In audio, the term phase refers to the relationship in time between two tones of the same frequency.
To understand what phase it, first, let’s take a closer look at a sine wave.
A sine wave has a frequency (the number of cycles per second of the vibration) and an amplitude or level (the strength or power of the vibration). Sine waves are typically represented on an XY graph, with time on the X axis and level on the Y axis.
The period of a sine wave is the length in time of one cycle; one cycle is 360 degrees.
The cycle of a sine wave begins at zero degrees at a level of zero. The wave rises to its positive maximum at 90°, one-quarter of its period. At one-half period (or 180°), it has fallen back to a level of zero. The wave continues to its negative maximum at 270°, three-quarters of its period. Finally, it rises back to zero level. This point can be described as the end of a cycle, at 360°, or as the beginning of the next cycle, back to 0°.
Two sine waves of the same frequency are said to be “in phase” if their cycles begin at the same time. If one wave begins at a different time, the signals are said to be “out of phase.”
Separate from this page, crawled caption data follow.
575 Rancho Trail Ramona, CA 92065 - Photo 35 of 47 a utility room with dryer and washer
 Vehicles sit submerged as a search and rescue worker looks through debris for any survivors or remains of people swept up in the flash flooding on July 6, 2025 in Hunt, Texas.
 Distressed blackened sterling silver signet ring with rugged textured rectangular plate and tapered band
Phase shift is often not audible, unless the two (or more) channels in question are combined. In that case, there will be addition or subtraction of signal level, varying with frequency.
For a single sine wave at a particular frequency, the result will only be audible as a level change. For complex waveforms, some frequencies will be amplified and some will be attenuated or even cancelled completely, affecting the frequency response of the combined signals.
What can cause phase shift?
Delay of one channel in a circuit will shift the phase of the audio, relative to an undelayed channel. Filtering in a channel, which in analog audio is a consequence of reactance (inductance or capacitance) and in digital audio can be a consequence of DSP filter processing; will shift the phase relative to an unfiltered channel. A polarity fault in a channel, whether caused by reversed wiring, an inverting amplifier or poor design, will shift the phase of all frequencies by 180° relative to the reference channel.